WHAT IS BEING ASKED: Please write out all the data exactly as shown.

═════ DATA IN THIS EXERCISE

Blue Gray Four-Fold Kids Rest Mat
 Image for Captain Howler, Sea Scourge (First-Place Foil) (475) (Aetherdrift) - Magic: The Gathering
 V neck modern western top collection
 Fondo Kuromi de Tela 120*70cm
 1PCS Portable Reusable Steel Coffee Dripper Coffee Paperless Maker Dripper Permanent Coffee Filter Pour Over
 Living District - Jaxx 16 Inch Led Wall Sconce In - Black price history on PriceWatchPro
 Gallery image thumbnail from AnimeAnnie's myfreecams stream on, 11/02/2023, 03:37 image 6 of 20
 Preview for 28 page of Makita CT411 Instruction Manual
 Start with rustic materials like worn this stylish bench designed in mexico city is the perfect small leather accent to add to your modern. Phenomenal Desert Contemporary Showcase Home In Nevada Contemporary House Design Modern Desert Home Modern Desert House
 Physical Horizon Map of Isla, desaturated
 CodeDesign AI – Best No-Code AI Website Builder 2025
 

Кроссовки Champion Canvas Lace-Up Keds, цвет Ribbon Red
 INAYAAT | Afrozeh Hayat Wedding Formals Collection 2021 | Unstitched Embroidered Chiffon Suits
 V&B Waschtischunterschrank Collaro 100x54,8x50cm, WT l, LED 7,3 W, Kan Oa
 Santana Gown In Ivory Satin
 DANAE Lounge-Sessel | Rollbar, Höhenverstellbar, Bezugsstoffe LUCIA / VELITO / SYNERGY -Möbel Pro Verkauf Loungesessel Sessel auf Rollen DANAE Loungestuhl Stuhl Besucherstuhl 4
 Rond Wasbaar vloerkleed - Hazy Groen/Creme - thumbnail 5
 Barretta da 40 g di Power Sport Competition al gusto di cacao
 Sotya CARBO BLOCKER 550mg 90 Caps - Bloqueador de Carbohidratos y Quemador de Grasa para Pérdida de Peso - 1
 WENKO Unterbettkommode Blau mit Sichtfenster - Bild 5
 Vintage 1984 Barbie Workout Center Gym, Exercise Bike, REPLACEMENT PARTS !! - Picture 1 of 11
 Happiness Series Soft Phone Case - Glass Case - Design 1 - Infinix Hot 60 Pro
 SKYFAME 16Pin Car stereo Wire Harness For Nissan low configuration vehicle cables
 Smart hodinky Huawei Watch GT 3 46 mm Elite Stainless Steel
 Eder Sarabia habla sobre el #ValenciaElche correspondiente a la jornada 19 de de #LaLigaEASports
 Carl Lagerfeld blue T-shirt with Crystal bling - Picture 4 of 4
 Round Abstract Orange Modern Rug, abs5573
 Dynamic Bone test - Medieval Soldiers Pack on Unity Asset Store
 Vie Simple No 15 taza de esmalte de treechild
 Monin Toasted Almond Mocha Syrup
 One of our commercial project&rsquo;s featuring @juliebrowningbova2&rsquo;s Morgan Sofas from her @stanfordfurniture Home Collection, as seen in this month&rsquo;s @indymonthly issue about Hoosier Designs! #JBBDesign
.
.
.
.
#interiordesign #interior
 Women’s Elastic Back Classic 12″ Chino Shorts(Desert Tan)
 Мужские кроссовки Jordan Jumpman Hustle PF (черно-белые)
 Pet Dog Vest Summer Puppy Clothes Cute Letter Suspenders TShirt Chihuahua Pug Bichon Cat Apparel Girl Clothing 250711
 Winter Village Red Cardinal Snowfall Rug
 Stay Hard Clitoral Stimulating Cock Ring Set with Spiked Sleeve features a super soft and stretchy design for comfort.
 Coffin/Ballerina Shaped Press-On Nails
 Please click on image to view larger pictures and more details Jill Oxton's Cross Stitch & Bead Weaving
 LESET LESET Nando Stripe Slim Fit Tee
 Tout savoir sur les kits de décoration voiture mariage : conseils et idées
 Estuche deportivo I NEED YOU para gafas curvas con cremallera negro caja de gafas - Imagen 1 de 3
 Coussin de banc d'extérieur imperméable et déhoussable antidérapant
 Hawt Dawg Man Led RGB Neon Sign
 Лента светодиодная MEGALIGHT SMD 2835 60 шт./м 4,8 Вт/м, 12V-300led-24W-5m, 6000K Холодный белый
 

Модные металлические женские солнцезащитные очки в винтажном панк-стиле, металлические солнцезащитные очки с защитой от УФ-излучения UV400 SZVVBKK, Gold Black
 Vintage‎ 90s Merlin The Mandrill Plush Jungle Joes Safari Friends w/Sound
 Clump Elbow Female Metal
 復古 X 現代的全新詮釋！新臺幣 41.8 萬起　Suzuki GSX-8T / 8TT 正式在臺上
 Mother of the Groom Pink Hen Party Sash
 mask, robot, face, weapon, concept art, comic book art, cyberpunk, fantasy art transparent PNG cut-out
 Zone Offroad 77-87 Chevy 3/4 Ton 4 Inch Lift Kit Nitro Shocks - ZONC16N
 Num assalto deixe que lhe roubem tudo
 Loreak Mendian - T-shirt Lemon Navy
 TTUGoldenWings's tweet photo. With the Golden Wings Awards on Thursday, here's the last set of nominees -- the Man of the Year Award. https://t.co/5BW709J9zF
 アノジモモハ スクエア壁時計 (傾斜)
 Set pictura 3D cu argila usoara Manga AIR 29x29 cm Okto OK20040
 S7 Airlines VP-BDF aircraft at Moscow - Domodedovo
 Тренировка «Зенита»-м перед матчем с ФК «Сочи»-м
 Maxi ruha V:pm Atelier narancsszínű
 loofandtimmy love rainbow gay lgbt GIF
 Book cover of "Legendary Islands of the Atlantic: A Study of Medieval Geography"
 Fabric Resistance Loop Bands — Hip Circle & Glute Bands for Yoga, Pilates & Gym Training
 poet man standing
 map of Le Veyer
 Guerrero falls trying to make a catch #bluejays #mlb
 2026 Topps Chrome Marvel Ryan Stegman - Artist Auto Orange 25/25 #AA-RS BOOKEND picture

══════════

ANSWER SPACE:
Blue Gray Four-Fold Kids Rest Mat
 Image for Captain Howler, Sea Scourge (First-Place Foil) (475) (Aetherdrift) - Magic: The Gathering
 V neck modern western top collection
 Fondo Kuromi de Tela 120*70cm
 1PCS Portable Reusable Steel Coffee Dripper Coffee Paperless Maker Dripper Permanent Coffee Filter Pour Over
 Living District - Jaxx 16 Inch Led Wall Sconce In - Black price history on PriceWatchPro
 Gallery image thumbnail from AnimeAnnie's myfreecams stream on, 11/02/2023, 03:37 image 6 of 20
 Preview for 28 page of Makita CT411 Instruction Manual
 Start with rustic materials like worn this stylish bench designed in mexico city is the perfect small leather accent to add to your modern. Phenomenal Desert Contemporary Showcase Home In Nevada Contemporary House Design Modern Desert Home Modern Desert House
 Physical Horizon Map of Isla, desaturated
 CodeDesign AI – Best No-Code AI Website Builder 2025
 

Кроссовки Champion Canvas Lace-Up Keds, цвет Ribbon Red
 INAYAAT | Afrozeh Hayat Wedding Formals Collection 2021 | Unstitched Embroidered Chiffon Suits
 V&B Waschtischunterschrank Collaro 100x54,8x50cm, WT l, LED 7,3 W, Kan Oa
 Santana Gown In Ivory Satin
 DANAE Lounge-Sessel | Rollbar, Höhenverstellbar, Bezugsstoffe LUCIA / VELITO / SYNERGY -Möbel Pro Verkauf Loungesessel Sessel auf Rollen DANAE Loungestuhl Stuhl Besucherstuhl 4
 Rond Wasbaar vloerkleed - Hazy Groen/Creme - thumbnail 5
 Barretta da 40 g di Power Sport Competition al gusto di cacao
 Sotya CARBO BLOCKER 550mg 90 Caps - Bloqueador de Carbohidratos y Quemador de Grasa para Pérdida de Peso - 1
 WENKO Unterbettkommode Blau mit Sichtfenster - Bild 5
 Vintage 1984 Barbie Workout Center Gym, Exercise Bike, REPLACEMENT PARTS !! - Picture 1 of 11
 Happiness Series Soft Phone Case - Glass Case - Design 1 - Infinix Hot 60 Pro
 SKYFAME 16Pin Car stereo Wire Harness For Nissan low configuration vehicle cables
 Smart hodinky Huawei Watch GT 3 46 mm Elite Stainless Steel
 Eder Sarabia habla sobre el #ValenciaElche correspondiente a la jornada 19 de de #LaLigaEASports
 Carl Lagerfeld blue T-shirt with Crystal bling - Picture 4 of 4
 Round Abstract Orange Modern Rug, abs5573
 Dynamic Bone test - Medieval Soldiers Pack on Unity Asset Store
 Vie Simple No 15 taza de esmalte de treechild
 Monin Toasted Almond Mocha Syrup
 One of our commercial project&rsquo;s featuring @juliebrowningbova2&rsquo;s Morgan Sofas from her @stanfordfurniture Home Collection, as seen in this month&rsquo;s @indymonthly issue about Hoosier Designs! #JBBDesign
.
.
.
.
#interiordesign #interior
 Women’s Elastic Back Classic 12″ Chino Shorts(Desert Tan)
 Мужские кроссовки Jordan Jumpman Hustle PF (черно-белые)
 Pet Dog Vest Summer Puppy Clothes Cute Letter Suspenders TShirt Chihuahua Pug Bichon Cat Apparel Girl Clothing 250711
 Winter Village Red Cardinal Snowfall Rug
 Stay Hard Clitoral Stimulating Cock Ring Set with Spiked Sleeve features a super soft and stretchy design for comfort.
 Coffin/Ballerina Shaped Press-On Nails
 Please click on image to view larger pictures and more details Jill Oxton's Cross Stitch & Bead Weaving
 LESET LESET Nando Stripe Slim Fit Tee
 Tout savoir sur les kits de décoration voiture mariage : conseils et idées
 Estuche deportivo I NEED YOU para gafas curvas con cremallera negro caja de gafas - Imagen 1 de 3
 Coussin de banc d'extérieur imperméable et déhoussable antidérapant
 Hawt Dawg Man Led RGB Neon Sign
 Лента светодиодная MEGALIGHT SMD 2835 60 шт./м 4,8 Вт/м, 12V-300led-24W-5m, 6000K Холодный белый
 

Модные металлические женские солнцезащитные очки в винтажном панк-стиле, металлические солнцезащитные очки с защитой от УФ-излучения UV400 SZVVBKK, Gold Black
 Vintage‎ 90s Merlin The Mandrill Plush Jungle Joes Safari Friends w/Sound
 Clump Elbow Female Metal
 復古 X 現代的全新詮釋！新臺幣 41.8 萬起　Suzuki GSX-8T / 8TT 正式在臺上
 Mother of the Groom Pink Hen Party Sash
 mask, robot, face, weapon, concept art, comic book art, cyberpunk, fantasy art transparent PNG cut-out
 Zone Offroad 77-87 Chevy 3/4 Ton 4 Inch Lift Kit Nitro Shocks - ZONC16N
 Num assalto deixe que lhe roubem tudo
 Loreak Mendian - T-shirt Lemon Navy
 TTUGoldenWings's tweet photo. With the Golden Wings Awards on Thursday, here's the last set of nominees -- the Man of the Year Award. https://t.co/5BW709J9zF
 アノジモモハ スクエア壁時計 (傾斜)
 Set pictura 3D cu argila usoara Manga AIR 29x29 cm Okto OK20040
 S7 Airlines VP-BDF aircraft at Moscow - Domodedovo
 Тренировка «Зенита»-м перед матчем с ФК «Сочи»-м
 Maxi ruha V:pm Atelier narancsszínű
 loofandtimmy love rainbow gay lgbt GIF
 Book cover of "Legendary Islands of the Atlantic: A Study of Medieval Geography"
 Fabric Resistance Loop Bands — Hip Circle & Glute Bands for Yoga, Pilates & Gym Training
 poet man standing
 map of Le Veyer
 Guerrero falls trying to make a catch #bluejays #mlb
 2026 Topps Chrome Marvel Ryan Stegman - Artist Auto Orange 25/25 #AA-RS BOOKEND picture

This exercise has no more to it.